Realising that the world of work is rapidly changing, including the construction industry, construction trade unions in Southern Africa called for immediate action to address climate change and ensure workers are capacitated with new skills to prepare for the future of work. 

In a Southern Africa Construction Network (SACONET) workshop held on 5-6 April, more than 30 participants representing 8 construction unions and other organisations from Namibia, Zimbabwe, Mozambique, Mauritius and South Africa discussed the real effects of climate change in the region and shared ideas on how to push for the greening of the global economy with a strong trade union perspective.

The workshop was facilitated by BWI Regional Representative for Africa and Middle East Crecentia Mofokeng. She urged the participating trade unionists to broaden their perspectives on the climate crisis and think outside of the box. ‘‘As trade unions, we need to think differently, and we need to think far ahead and respond to the situation of tomorrow, today. We need to adapt to climate change on a massive scale and provide innovative ways to match the needs that are out there.”

The event was attended by climate experts Gugu Zondi and Nokuthula Dubazane from the Ekurhuleni municipality, Martha Dillian from the Buro Happold/Sustainability who presented a research on clean construction for the Ekurhuleni Municipality, and Nathan Banda of the ZCTU (Zimbabwe) Safety and Health Officer responsible for Climate Change Pensions and Social Security. BWI Global Campaign Director Paola Cammilli and BWI Global Coordinator for Construction and Infrastructure Linnea Wikstrom also participated in the deliberations. 
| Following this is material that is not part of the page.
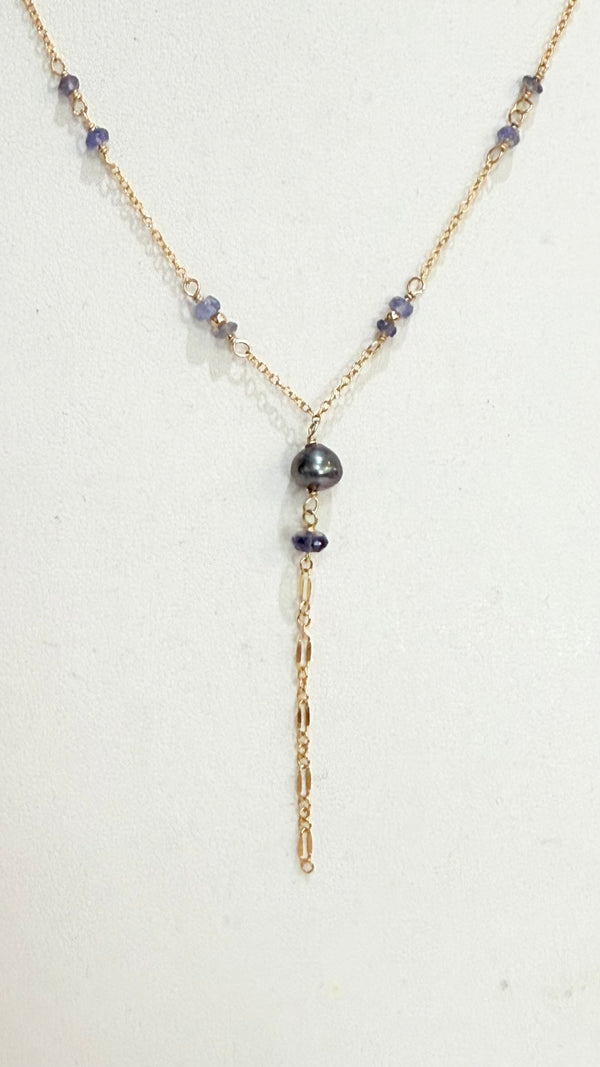 BELLE Keshi Lariat - Purple mix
Dillian said that the construction industry contributes to approximately a quarter of greenhouse emissions globally. She said that the industry consumes a third to half of the available resources (i.e., energy and materials). She also shared that the concept of green buildings is not just about the industry constructing infrastructure, but more importantly, how it strategically views infrastructure and its environmental impact to the world in decades to come. Dillian said that given the said considerations, cities, especially those that signed the Clean Construction Declaration, must fully commit to low-carbon infrastructure alternatives that ensure clean and safe construction sites.
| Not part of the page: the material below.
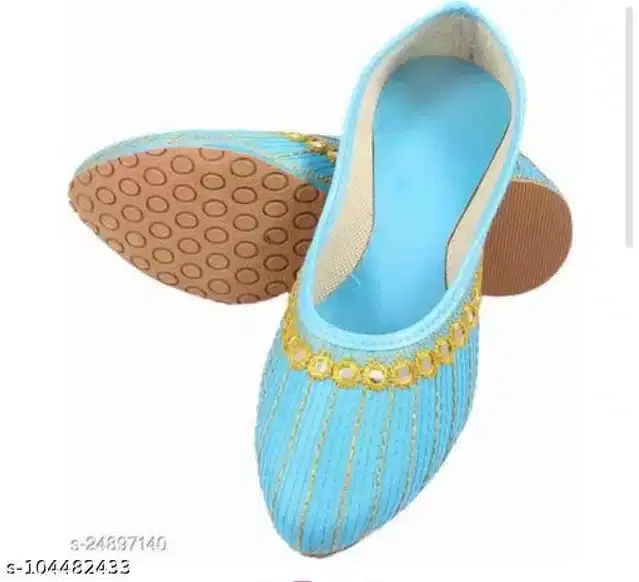 Juttis for Women (Sky Blue, 4)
Cammilli reaffirmed BWI’s commitment to support trade unions’ research, capacity-building, organising, and advocacy initiatives on climate justice and a just transition. This was seconded by Wikstrom who reiterated BWI’s pledge to contribute to a planned climate conference,  commission pilot studies, and closely cooperate on matters related to clean construction in accordance with the global union’s Memorandum of Understanding with C40. 

The workshop ended with the development of a concrete action plan for climate action in workplaces. The plan included the following:

  • Capacity building, the establishment of national sector committees that will discuss and develop ways to ensure that climate justice is achieved.
  • Introduction of research and learning opportunities at national labour resource centres.
  • Scrutiny of national budgets to challenge governments’ seriousness and commitment to climate change. 
  • Scale up collaborations with inter/national environmental and climate organisations and institutions.
  • Maximise BWI and C40’s Action Call for Clean Construction and other climate change demands in collective bargaining negotiations, and share existing sectoral and union training modules and policies.